Still, there is a growing and shared concern among Israeli leaders that any letup against Hamas would be problematic for Israel's broad goals in the long term because it could bolster and validate the group, which says Israel should be destroyed.

"If the war ends in a draw, as expected, and Israel refrains from reoccupying Gaza, Hamas will gain diplomatic recognition," wrote Aluf Benn, a political analyst, in the newspaper Haaretz.

In addition, any truce would probably include an increase in commercial traffic from Israel and Egypt into Gaza, which is Hamas's central demand: to end the economic boycott and border closing it has been facing. To build up the Gaza economy under Hamas, Israeli leaders say, would be to build up Hamas. But withholding the commerce would continue to leave 1.5 million Gazans in despair.

Implicit in Benn's contention is that the only way to stop Hamas from gaining legitimacy was for Israel to occupy Gaza again, more than three years after removing its soldiers and settlers. That is a prospect practically no one in Israel or abroad is advocating.

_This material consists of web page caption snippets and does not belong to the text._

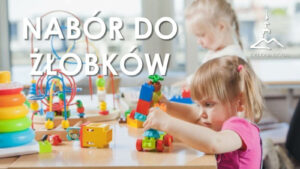 Rekrutacja do żłobków miejskich w Zielonej Górze. Ważne terminy i zasady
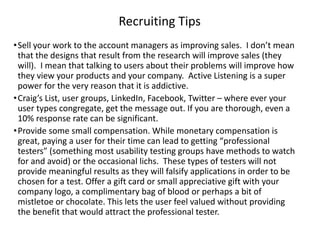 Recruiting Tips
•Sell your work to the account managers as improving sales. I don’t mean
that the designs that result from the research will improve sales (they
will). I mean that talking to users about their problems will improve how
they view your products and your company. Active Listening is a super
power for the very reason that it is addictive.
•Craig’s List, user groups, LinkedIn, Facebook, Twitter – where ever your
user types congregate, get the message out. If you are thorough, even a
10% response rate can be significant.
•Provide some small compensation. While monetary compensation is
great, paying a user for their time can lead to getting “professional
testers” (something most usability testing groups have methods to watch
for and avoid) or the occasional lichs. These types of testers will not
provide meaningful results as they will falsify applications in order to be
chosen for a test. Offer a gift card or small appreciative gift with your
company logo, a complimentary bag of blood or perhaps a bit of
mistletoe or chocolate. This lets the user feel valued without providing
the benefit that would attract the professional tester.
 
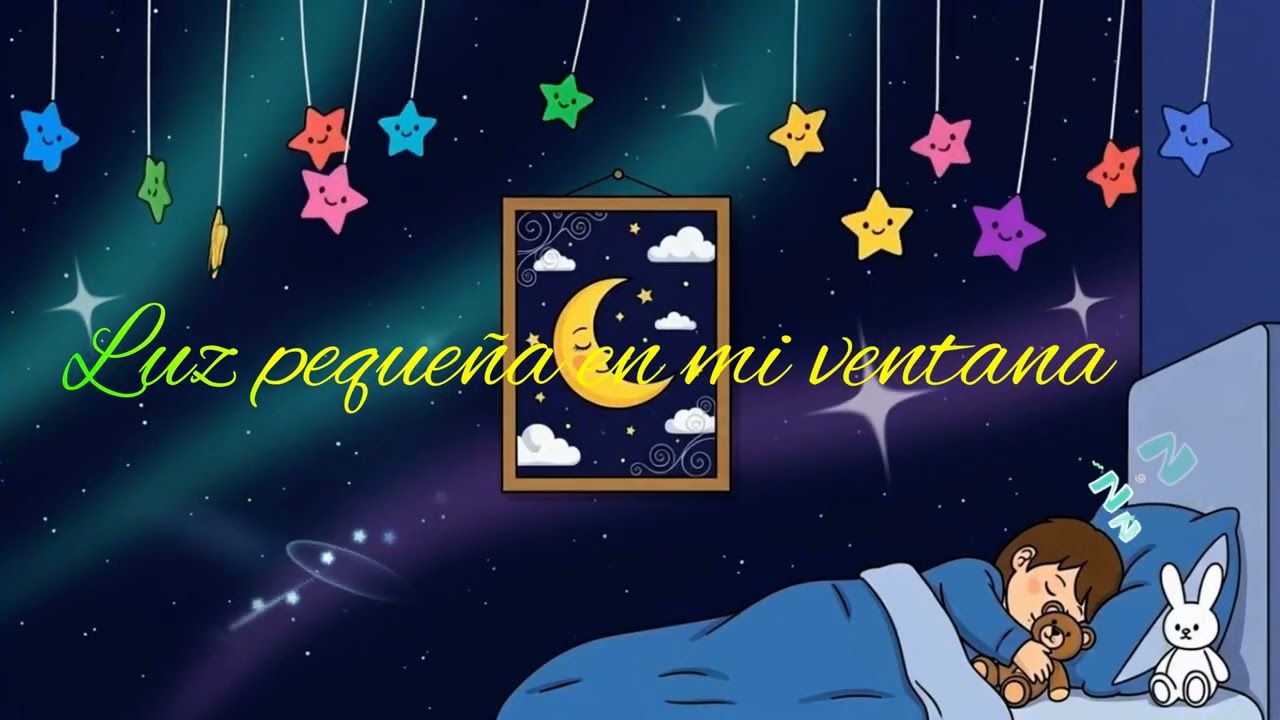 Música para dormir bebés 🌙 Luz pequeña en mi ventana | Little Light at My Window (Night Lullaby)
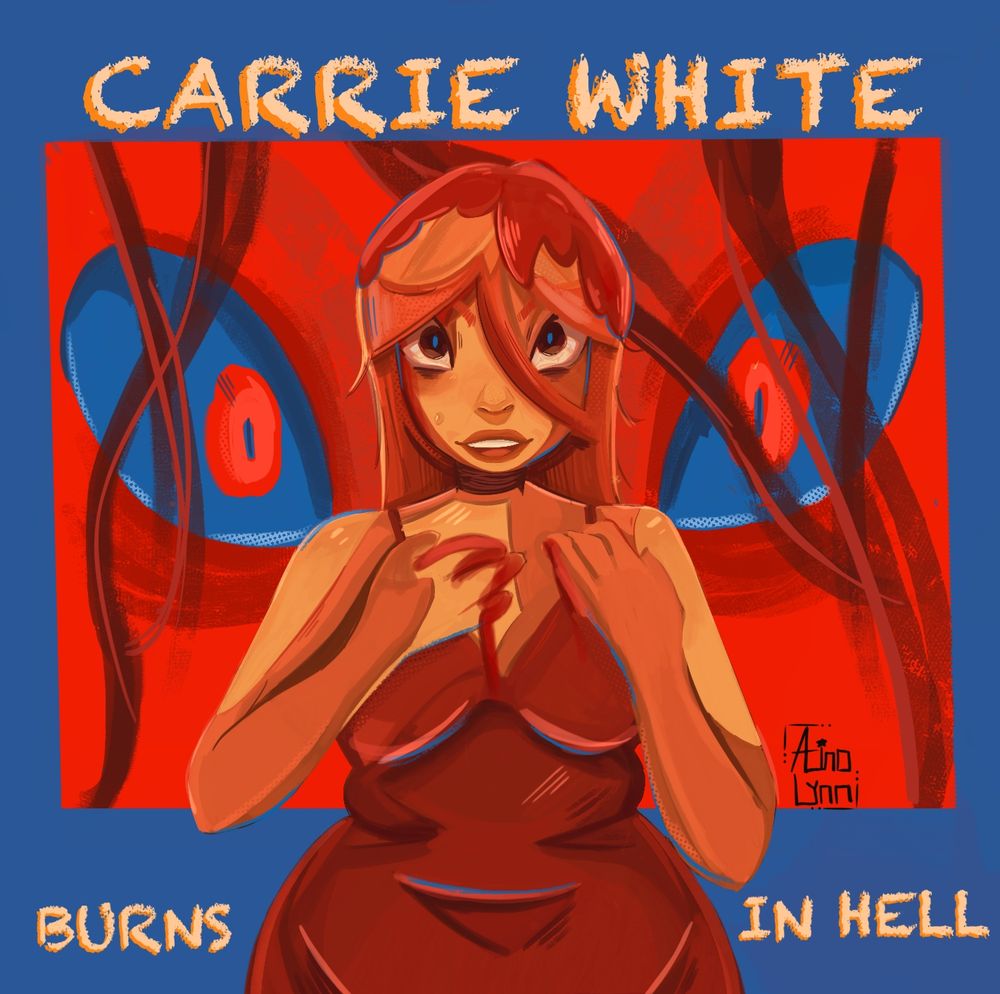 Carrie white from Stephen kings "carrie" she is drawn in a bloody prom dress in orange Hues. Shes young, mid sized (or in some interpretations plus sized) and stylized with big wide eyes. Her mouth is open and her hands are around collar bone height. She is smilimg. Behind her is a blue background and a closeup on her eyes. She is drawn in a painterly style. The text on the image reads "Carrie white burns in hell", a quote from the book. 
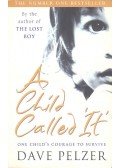 PELZER, DAVE - A Child Called 'It'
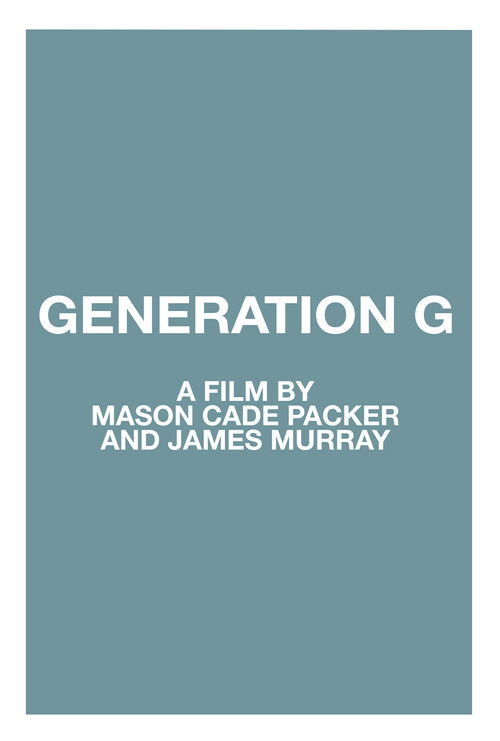 Generation G (2016) PelículA CompletA 1080p en LATINO espanol Latino
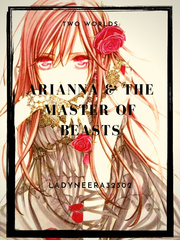 Two Worlds: Arianna & The Master of Beasts Book
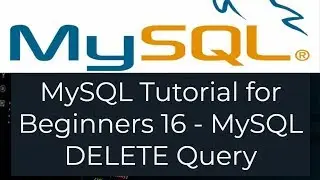 MySQL Tutorial for Beginners 16 - MySQL DELETE Query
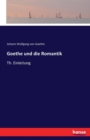 Goethe und die Romantik : Th. Einleitung - Book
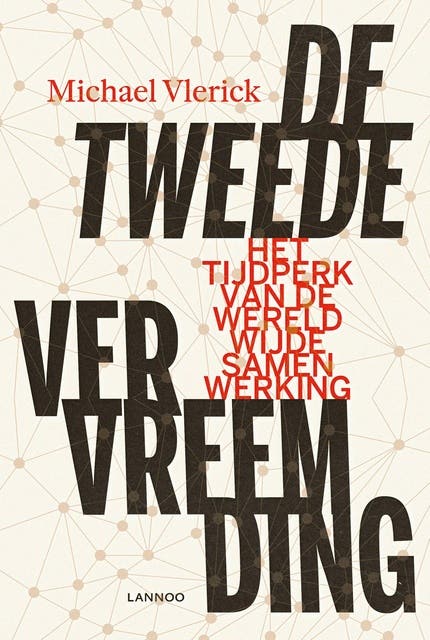 De tweede vervreemding: Het tijdperk van de wereldwijde samenwerking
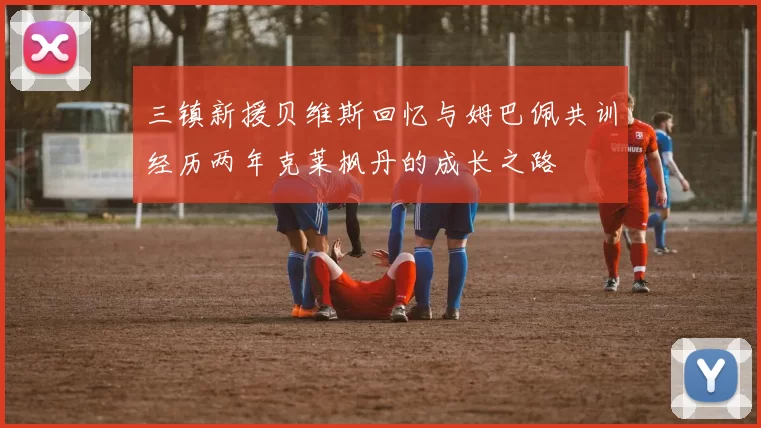 三镇新援贝维斯回忆与姆巴佩共训经历两年克莱枫丹的成长之路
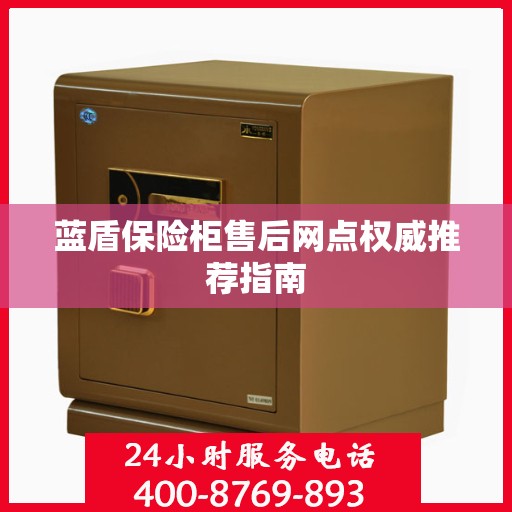 蓝盾保险柜售后网点权威推荐指南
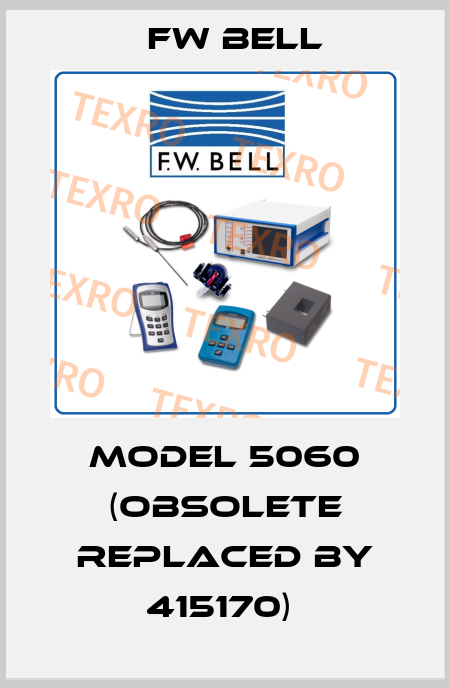 Model 5060 (Obsolete Replaced by 415170)  FW Bell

Moreover, almost no one familiar with Gaza and Palestinian politics considers it realistic to remove Hamas from power. Hamas legislators won a democratic majority in elections four years ago, and the group has 15,000 to 20,000 men under arms. It has consolidated its rule in the past 18 months since pushing out rivals loyal to the more moderate Fatah party of the West Bank.

And while there are plenty of Gazans who would prefer Fatah, they do not seem organized or strong enough to become the new rulers, even with the help of former colleagues in exile in Ramallah who say that they would never be willing to ride into Gaza on the back of an Israeli tank. The longer Israel pounds Gaza, the weaker Fatah is likely to become because it will be seen as collaborating.

The likelier result of a destruction of the Hamas infrastructure would be chaos, anathema not only to the people of Gaza but also to those hoping for peace in southern Israel.

There has been broad international criticism of this war on Gaza, not only because of the suffering seen on television screens but because of a feeling that Israel has tried such tactics in the past and never succeeded.

Many point to the 2006 war against Hezbollah in Lebanon, in which Israel also tried to destroy rocket launchers and a hostile organization's infrastructure, only to end up killing many civilians and leaving Hezbollah more popular and perhaps stronger.

But military planners here say the parallel is inexact and that they have learned a lesson. Gaza is smaller and flatter than southern Lebanon, and it does not have a sievelike border with a country like Syria where arms can be continuously resupplied.

Destroying smuggler tunnels from the Egyptian Sinai into Gaza and systematically taking out weapons depots and launcher sites, along with their supporting infrastructures, will ultimately succeed, they contend.

It might take weeks or months, they assert, but it can work. If true, the questions still remain: At what human cost? And who will be in charge when it is over?